Would you write out every entry exactly, but without the pictures?

Records for the task:
------------
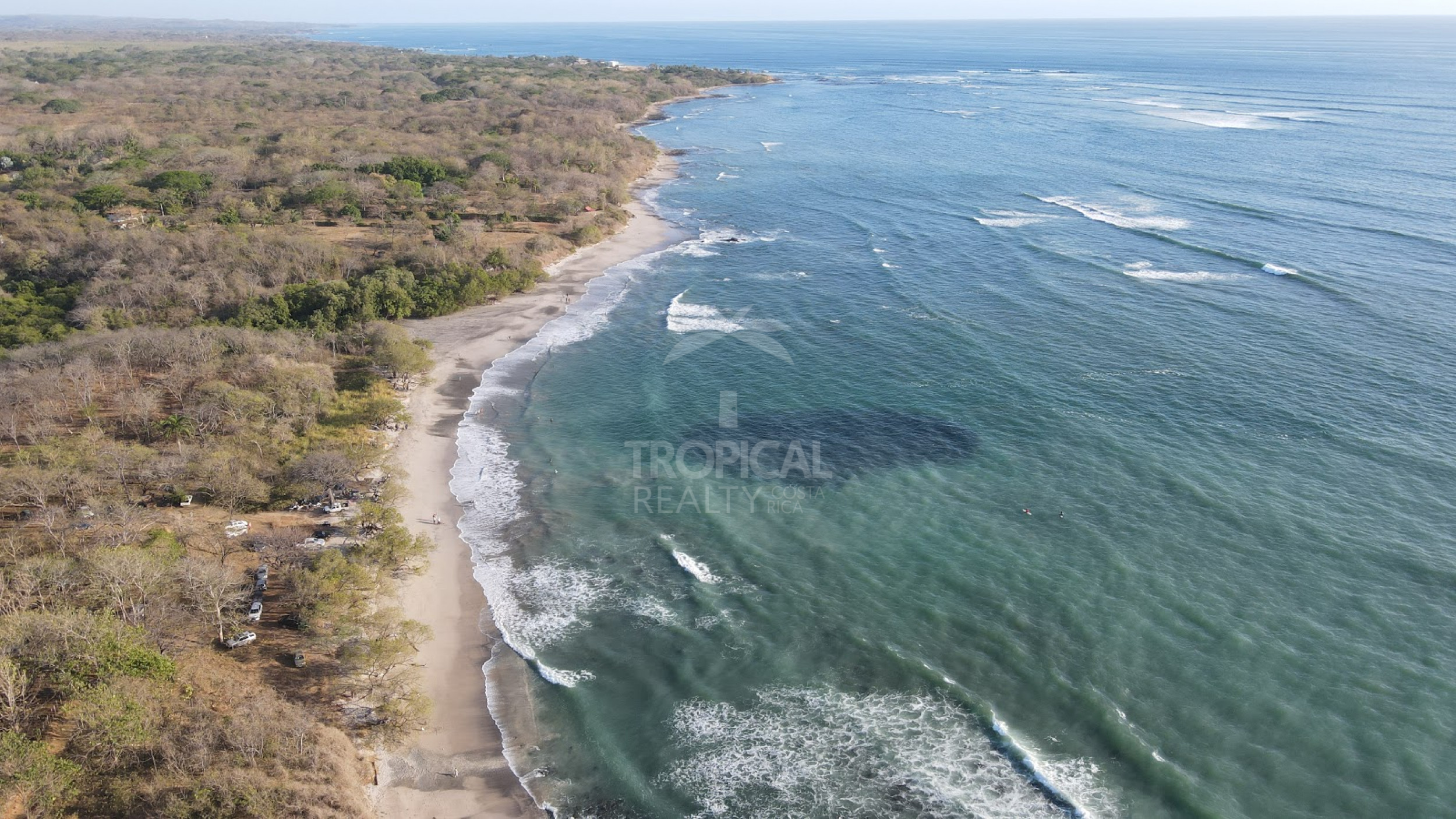 Unique Investment Opportunity – Beachfront Lot for Sale in Guanacaste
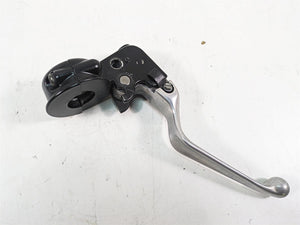 2000 Harley FXSTS Softail Springer Clutch Perch & Lever 38608-96 45015-96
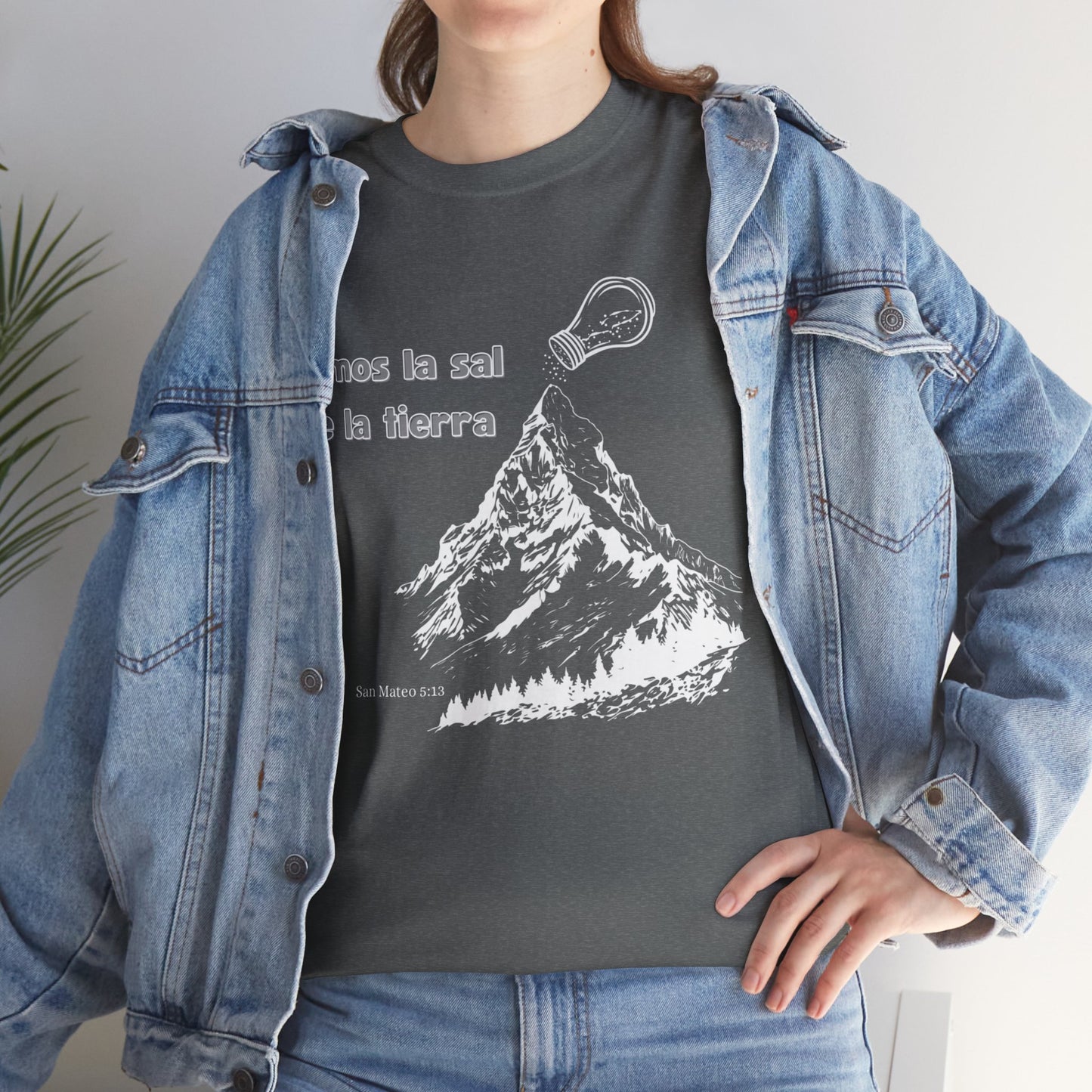 Salt of the earth T-Shirt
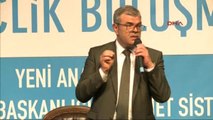 Kahramanmaraş Başbakan Yardımcısı Kaynay Kahramanmaraş'ta Konuştu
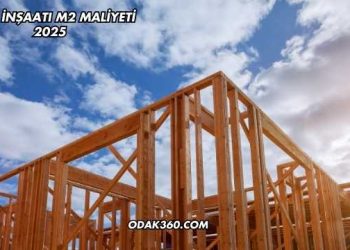 Cami İnşaatı m2 Maliyeti 2025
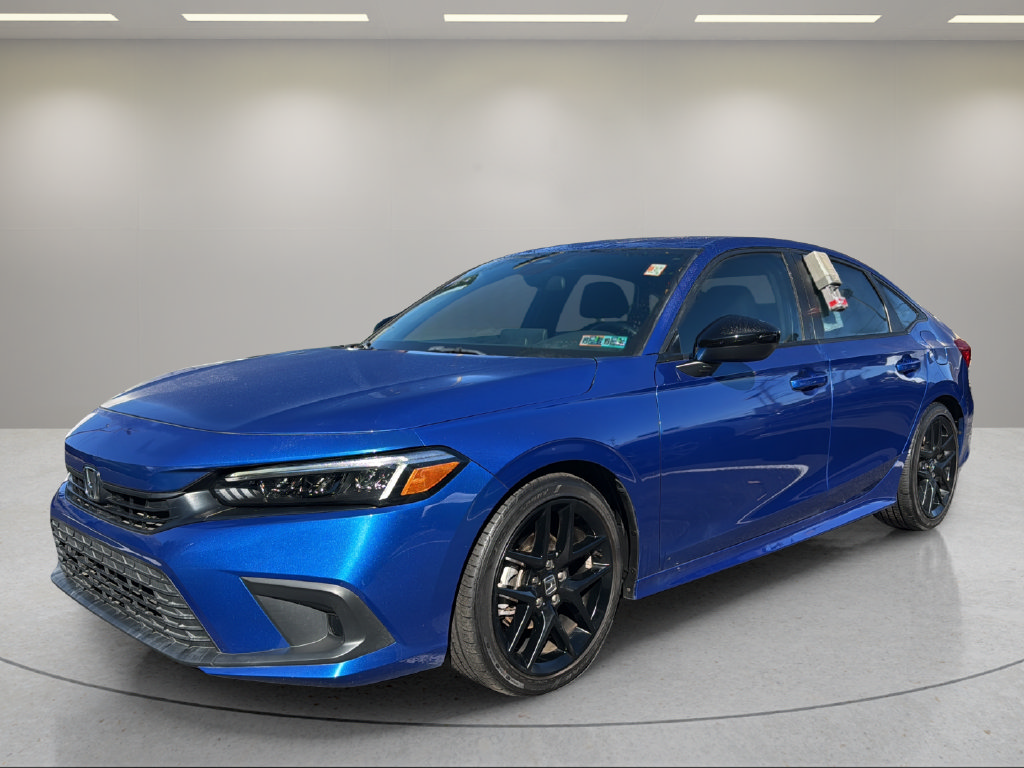 Used 2023 Honda Civic Sport image 1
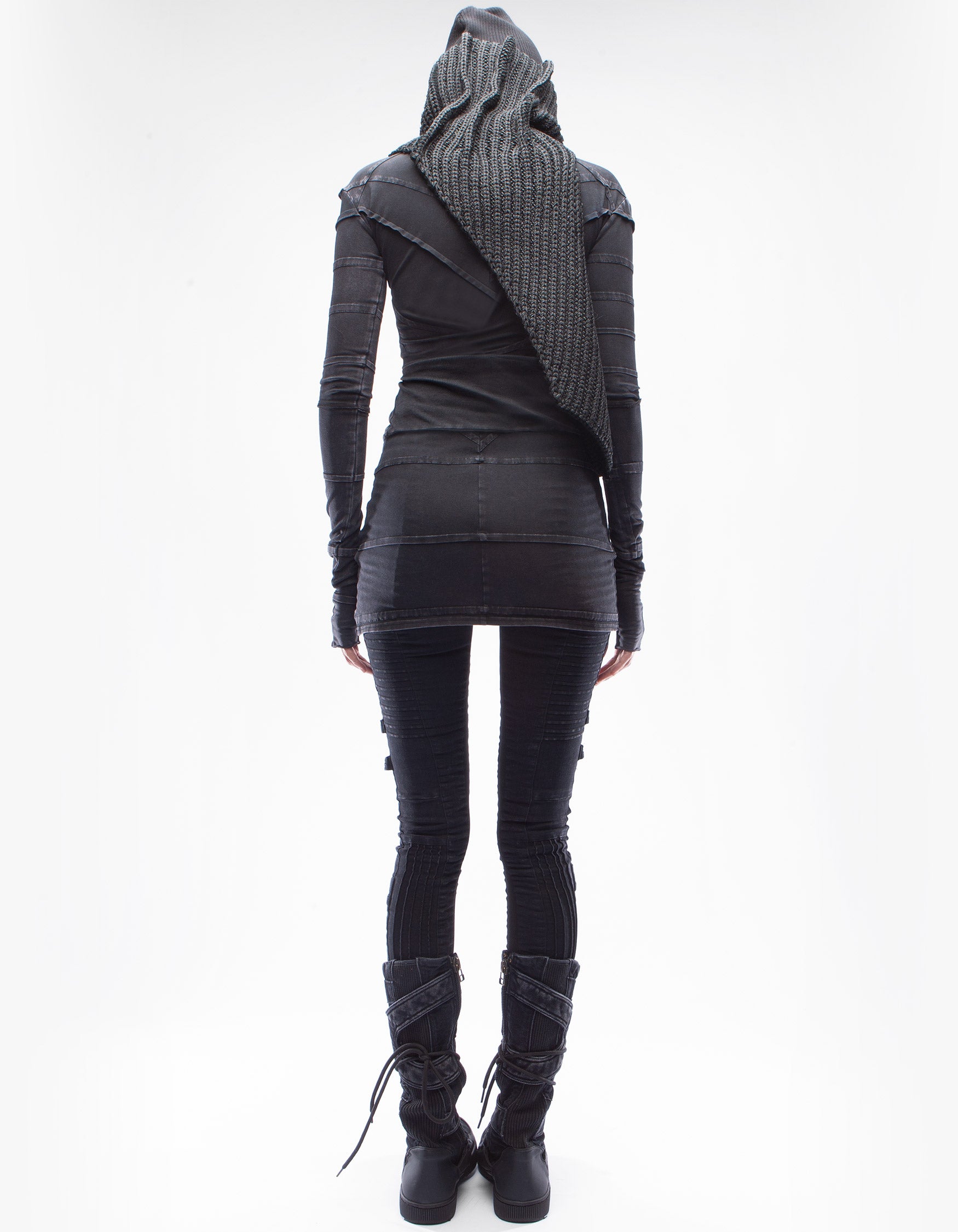 TOP DRESS DEPTH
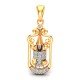 Gold Tirupati Balaji Maharaj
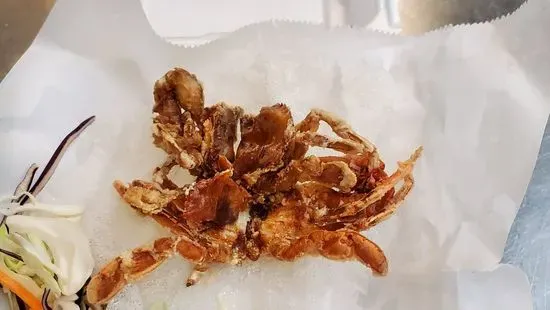 Soft Shell Crab (2 Pieces)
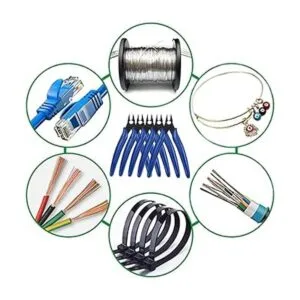 Juego de cortadores de alambre 170 cortadores de alambre_7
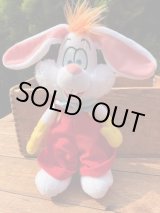 画像: ROGER RABBIT "DISNEYLAND RESORT" 00'S PLUSH DOLL 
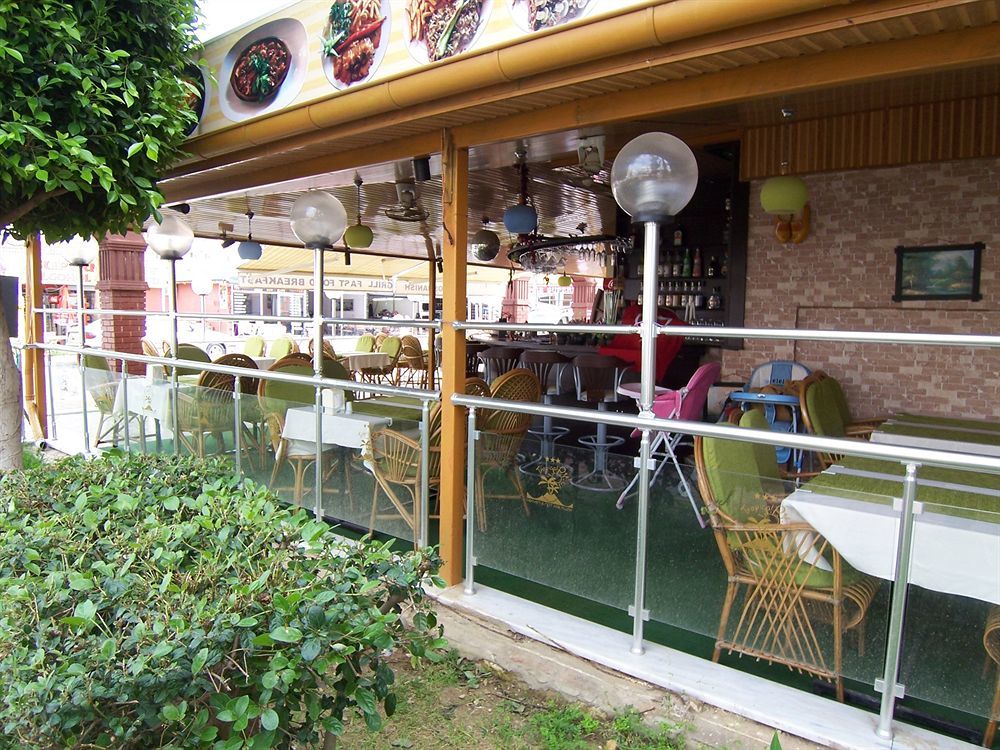 Semiz Apart Hotel 阿拉尼亚 外观 照片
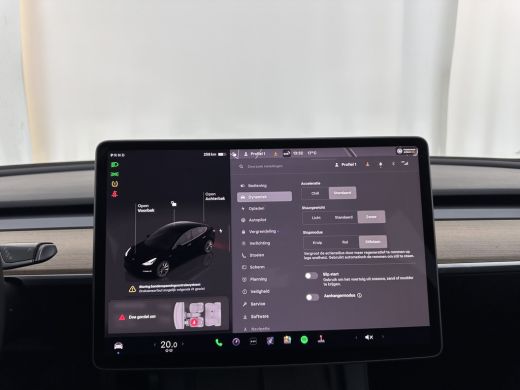 Tesla Model 3 Standard RWD Plus 60 kWh (⚠️electric motor makes a scraping noise ⚠️) [ 3-Fase-11kW ] {SOH-88%]  ... ActivLease financial lease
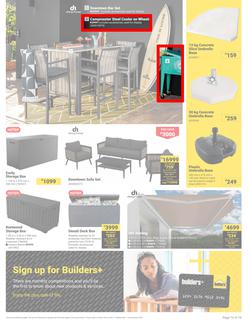 Builders : It's Burn Baby Burn Day (17 September - 04 November 2024), page 13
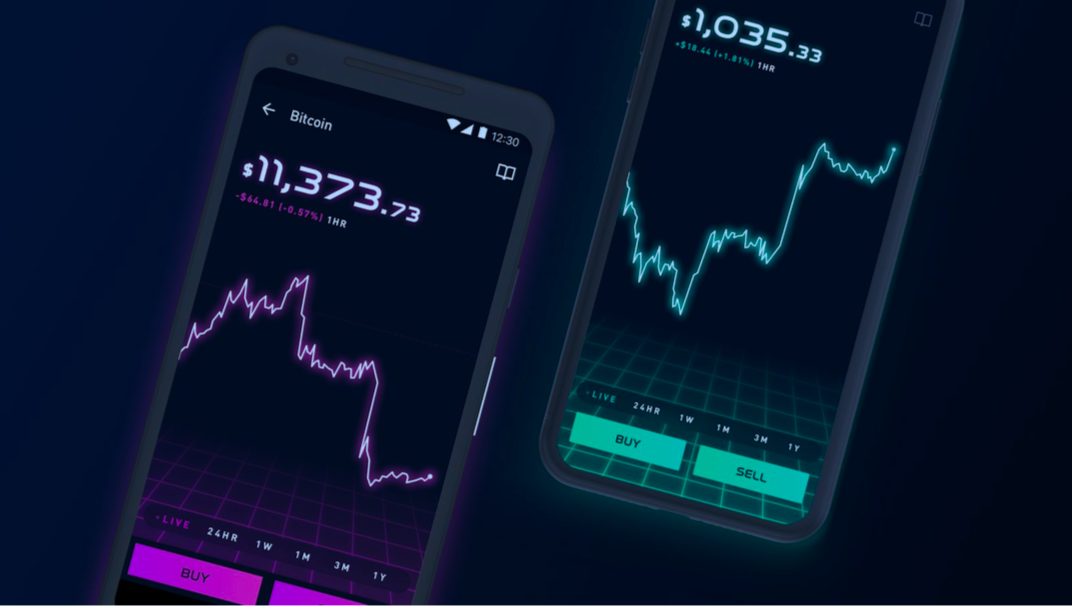 HOOD Crypto Growth Presages RIOT, MSTR Even as Tariffs Hit GDP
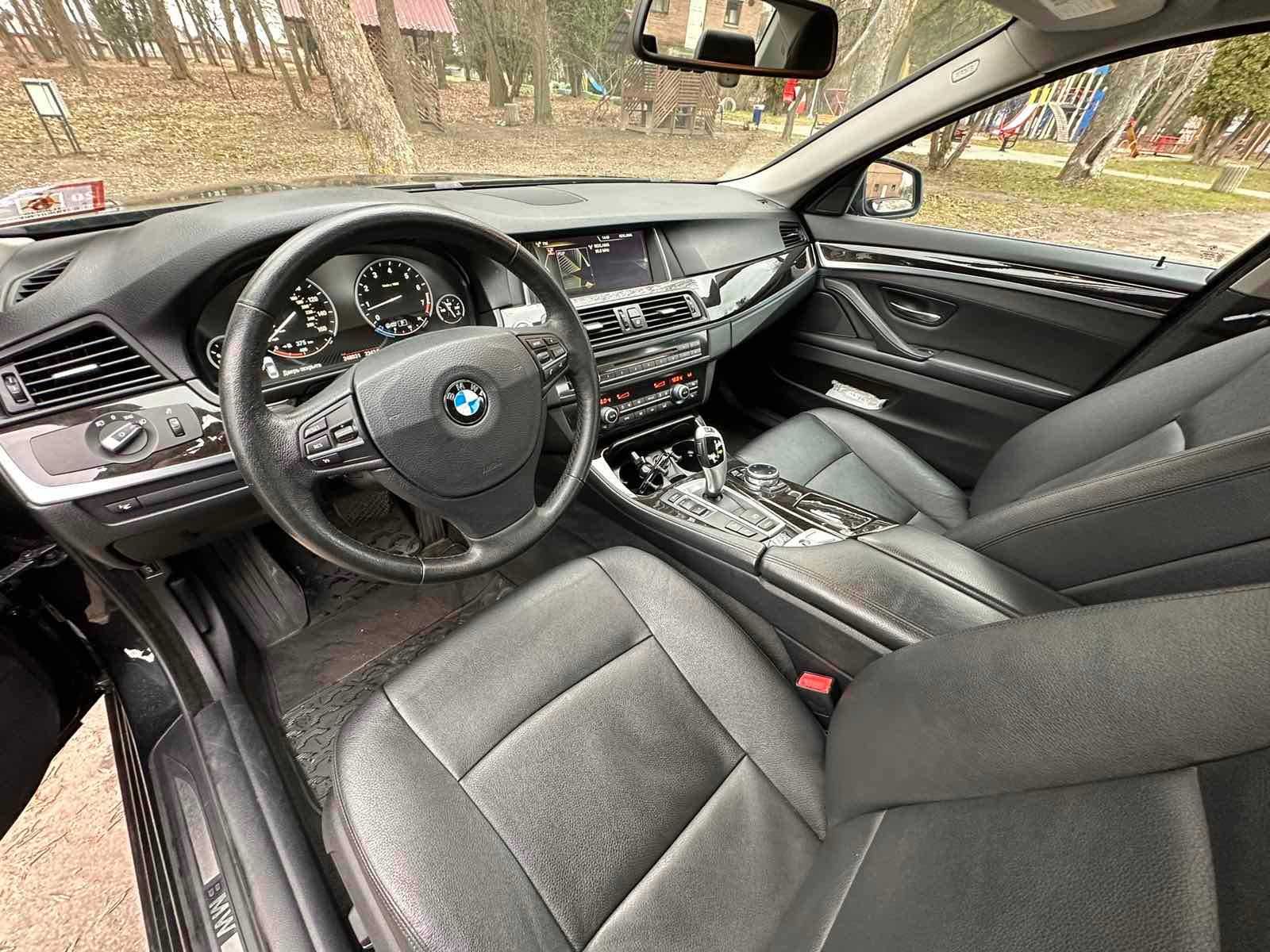 автомобіль bmw 528i xdrive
------------
Answer space:
 Unique Investment Opportunity – Beachfront Lot for Sale in Guanacaste
 2000 Harley FXSTS Softail Springer Clutch Perch & Lever 38608-96 45015-96
 Salt of the earth T-Shirt
 Kahramanmaraş Başbakan Yardımcısı Kaynay Kahramanmaraş'ta Konuştu
 Cami İnşaatı m2 Maliyeti 2025
 Used 2023 Honda Civic Sport image 1
 TOP DRESS DEPTH
 Gold Tirupati Balaji Maharaj
 Soft Shell Crab (2 Pieces)
 Juego de cortadores de alambre 170 cortadores de alambre_7
 画像: ROGER RABBIT "DISNEYLAND RESORT" 00'S PLUSH DOLL 
 Semiz Apart Hotel 阿拉尼亚 外观 照片
 Tesla Model 3 Standard RWD Plus 60 kWh (⚠️electric motor makes a scraping noise ⚠️) [ 3-Fase-11kW ] {SOH-88%]  ... ActivLease financial lease
 Builders : It's Burn Baby Burn Day (17 September - 04 November 2024), page 13
 HOOD Crypto Growth Presages RIOT, MSTR Even as Tariffs Hit GDP
 автомобіль bmw 528i xdrive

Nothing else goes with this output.